Greetings, aspiring medical students! We extend a warm welcome to this article crafted specifically to aid you on your path towards the medical school application process. As you traverse the rigorous interview cycle, it is vital to arm yourself with the essential resources that will enable you to thrive in your medical school interviews. Want to know more about the interview process? Check out FutureDoc’s detailed guide here which explains the types of interviews in greater depth.

In the following sections, we will delve into skills-based questions and explore why these skills are rigorously tested. By understanding the significance of these assessments, you will be better prepared to showcase your abilities and stand out from the crowd. So, let's dive in and discover the importance of skills evaluation in the medical school interview process through worked examples. You can also use these worked examples to practice your technique by yourself or within a group. Remember - practice makes perfect!

Firstly, what are “skills” and why do interviewers test them?

Skills refer to the specific abilities, competencies, or proficiencies that individuals possess. Medical schools recognise that being a doctor requires a multifaceted skill set that extends beyond mere academic knowledge. The ability to communicate effectively, display empathy, and think critically are essential components of providing compassionate, patient-cantered care. Therefore, interviewers often include skills-based questions to assess these qualities in prospective students.

Skills-based questions also provide interviewers with insights into your aptitude for working in a demanding and ever-evolving healthcare environment. By testing your ability to think critically, problem-solve, and communicate effectively, interviewers can gauge your potential to become a competent and compassionate Doctor. Structuring your answers to skills-based questions in a thoughtful and organized manner further demonstrates your ability to articulate complex ideas, present logical arguments, and convey information clearly.

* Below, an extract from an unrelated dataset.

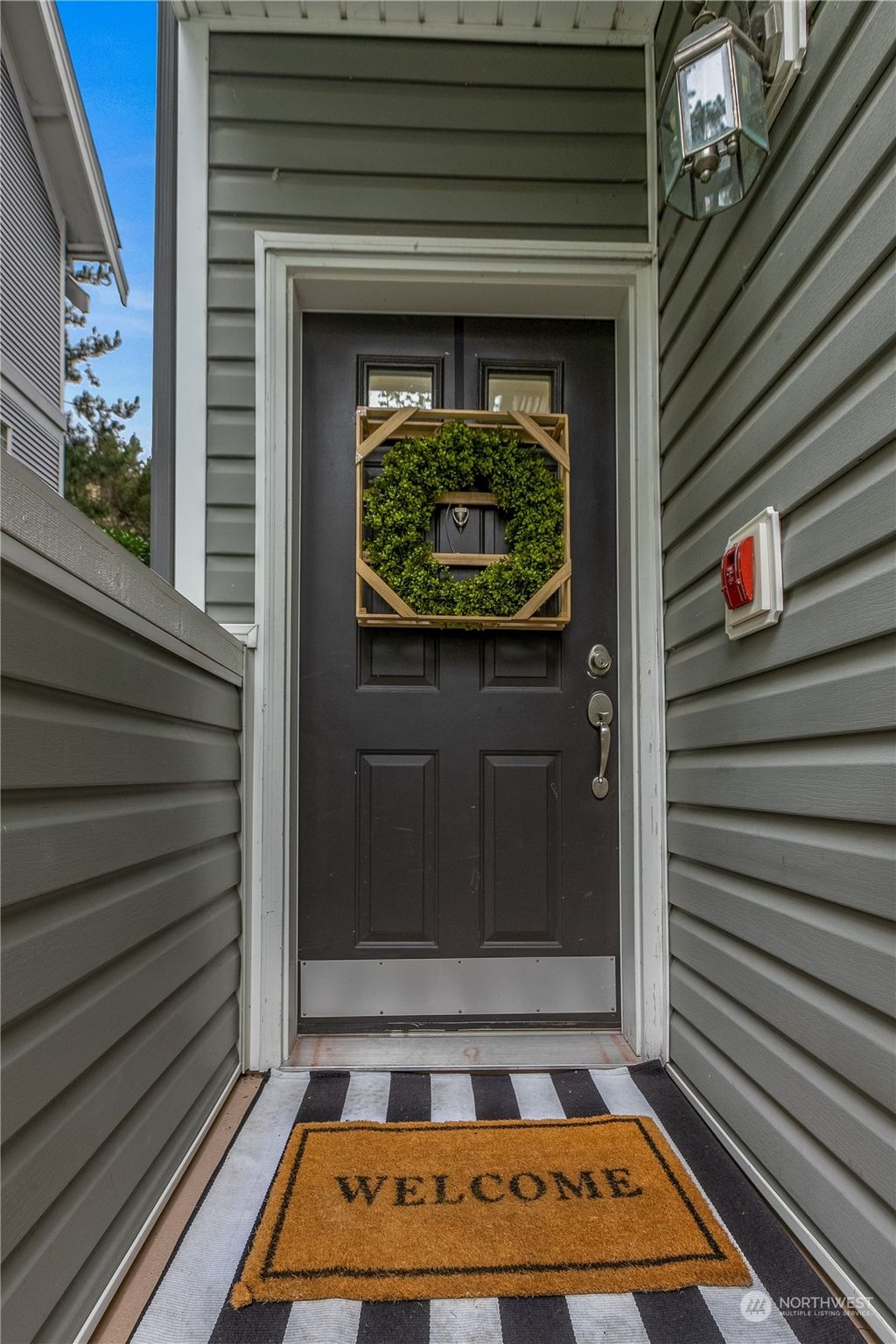 Photo of 23120 SE Black Nugget Road #J-1, Issaquah, WA 98029 (MLS # 2149298)
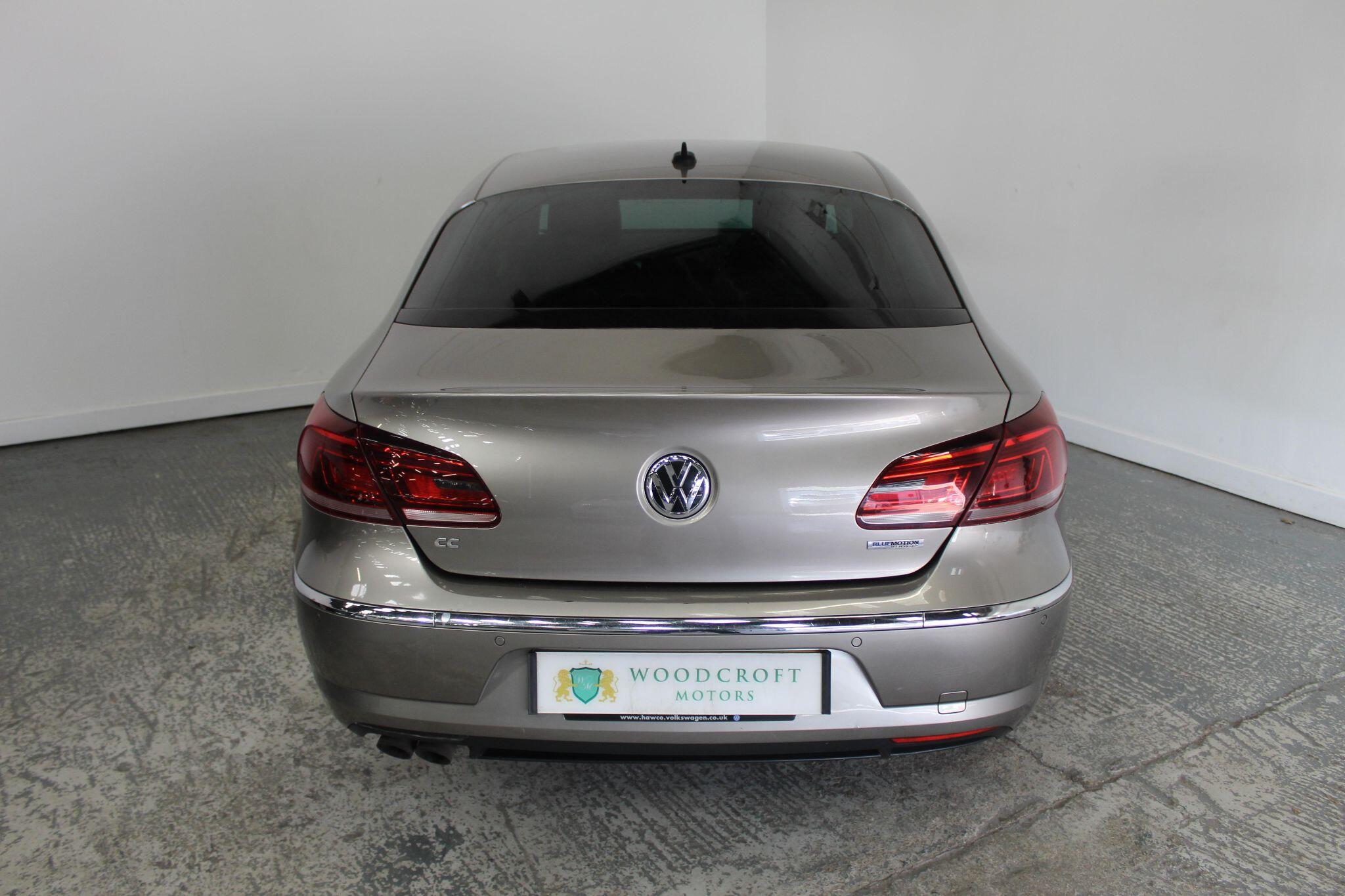 Volkswagen CC view 14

So how do I structure skills-based questions?

Broadly, interviewers typically ask three types of skills-based questions. They may ask you to:

  • Describe and explain the skills required to be an effective Doctor.
  • Describe your previous experience and how the skills you have developed will prepare you for medical school/a career in medicine.
  • Explain how a particular skill is important in a medical career and how you could develop this further.

Structuring your responses effectively to skills-based questions is crucial. It's like creating a clear roadmap for your thoughts and ideas. By organizing your answer, you demonstrate thoughtfulness and make it easier for the interviewer to follow along. A well-structured response shows that you've analysed the question, gathered your thoughts, and can present your ideas coherently. This approach engages the interviewer, showcases your critical thinking skills, and helps you communicate effectively. So, take a moment to create a structure for your response, highlighting the main points you want to cover. This way, you can confidently navigate the interview, impressing the interviewer with your clarity and ability to communicate your skills and insights.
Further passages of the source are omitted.